CALLISTA AZKA F. - SAMBUTAN DINGIN DI KAKI GUNUNG BROMO


Sambutan Dingin di Kaki Gunung Bromo
Oleh Callista Azka Faustina




Pengalaman saya yang menurut saya sangat berkesan bagi saya salah satunya adalah pada saat saya dan satu angkatan SMA Labschool Kebayoran pergi ke Gunung Bromo. Selama seumur hidup, inilah pertama kalinya saya pergi mengunjungi Gunung Bromo dan bagi saya, pengalaman ini terasa senang dan kesal sekaligus. Selain itu pengalaman ini juga terasa sangat dingin sekali saya sampai tidak bisa merasakan tangan dan wajah saya. Pada malam hari rabu ke kamis jam sebelas lewat lima belas sampai dengan jam dua belas malam, kami satu angkatan dibangunkan untuk memulai perjalanan kami ke Gunung Bromo. Perkiraan sampai destinasi kira-kira tiga jam. Itu pun baru sampai tempat pertukaran mobil elf yang tadi kami naiki ke lokasi dan bertukar masuk ke dalam jeep. Sebelum keluar dari mobil elf jauh dari lokasi, saya merasa suhu badan saya biasa saja, belum terasa dingin. Beberapa menit sebelum tiba di lokasi masih di dalam mobil elf, tiba-tiba angin terasa lebih dingin. Saya pun bersiap menggunakan jaket angkatan dan jaket kulit yang saya bawa.

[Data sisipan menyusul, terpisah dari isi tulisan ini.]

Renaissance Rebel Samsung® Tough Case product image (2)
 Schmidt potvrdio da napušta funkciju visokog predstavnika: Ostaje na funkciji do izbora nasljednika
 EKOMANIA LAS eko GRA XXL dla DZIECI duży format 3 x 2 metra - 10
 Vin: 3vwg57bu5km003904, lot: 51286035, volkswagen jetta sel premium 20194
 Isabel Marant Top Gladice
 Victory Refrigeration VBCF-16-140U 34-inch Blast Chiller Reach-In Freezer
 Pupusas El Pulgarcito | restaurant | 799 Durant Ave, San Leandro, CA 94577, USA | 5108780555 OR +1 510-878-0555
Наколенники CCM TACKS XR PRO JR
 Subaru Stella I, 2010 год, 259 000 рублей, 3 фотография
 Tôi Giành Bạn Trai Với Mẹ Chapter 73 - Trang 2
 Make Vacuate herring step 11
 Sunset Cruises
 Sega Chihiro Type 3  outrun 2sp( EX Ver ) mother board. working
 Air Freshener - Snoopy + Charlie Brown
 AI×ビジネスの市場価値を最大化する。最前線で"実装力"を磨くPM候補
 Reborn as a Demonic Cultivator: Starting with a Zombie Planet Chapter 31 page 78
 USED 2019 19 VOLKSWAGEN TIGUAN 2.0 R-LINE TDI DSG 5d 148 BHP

Ketika sampai dan baru membuka pintu mobil, angin langsung meniup wajah saya. Baru saja turun, kami disambut dengan dingin sekali. Angin dan hujan langsung gembira menyapa dan membasahi kami. Kami pun langsung berlari-larian mencari jeep kami masing-masing. Ketika berlari-lari tanpa tahu arah, ada beberapa pedagang yang menawarkan jas hujan, sarung tangan, topi, syal, dan lain-lain. Saya akhirnya membeli satu saking dinginnya. Tapi ternyata mahal sekali! Mereka menggunakan kesempatan ini dengan sangat baik tapi tetap saja membuat saya kesal. Bodohnya lagi, saya lupa bawa jas hujan ke lokasi. Padahal saya sudah beli jas hujan tiga buah tapi akhirnya tidak saya pakai sama sekali. Setelah itu saya langsung berlanjut mencari jeep saya bernomor tiga puluh dua. Saya dan teman saya seraya teriak-teriak nomor tiga puluh dua berharap supir jeepnya mendengar. Eh, ternyata supirnya denger juga. Jeep kami terletak agak terpisah dengan jeep lain. Warnanya merah menyolok dan mudah diingat. Kami masuk lewat pintu belakang. Begitu saya masuk, satu-satunya kesan saya dari mobil itu adalah kecil sekali! Saya takut teman-teman yang lain tidak muat karena di belakang kursinya hanya muat empat orang dan tinggal ada satu lagi di depan samping supir padahal kami seharusnya satu jeep ada delapan orang. Di dalam jeep mulai terasa hangat dan nyaman karena kami berempat di belakang sempit-sempitan. Untung tidak ada pendingin udara, kalau ada saya sudah beku. Begitu pak supir masuk, jeepnya dinyalakan dan mulai bergerak. Sambil jeepnya melaju melewati bukit-bukit, supirnya membuka jendela pintu di sampingnya padahal saya duduk di belakangnya persis, begitu melaju, udara dingin langsung masuk dan langsung terasa pada kepala dan leher saya. Rasanya seperti mau bersin, demam, radang dan muntah sekaligus. Satu jeep langsung terasa dingin gak karu-karuan. Selama lebih dari sejam dalam perjalanan ke kaki gunung bromo seperti itu.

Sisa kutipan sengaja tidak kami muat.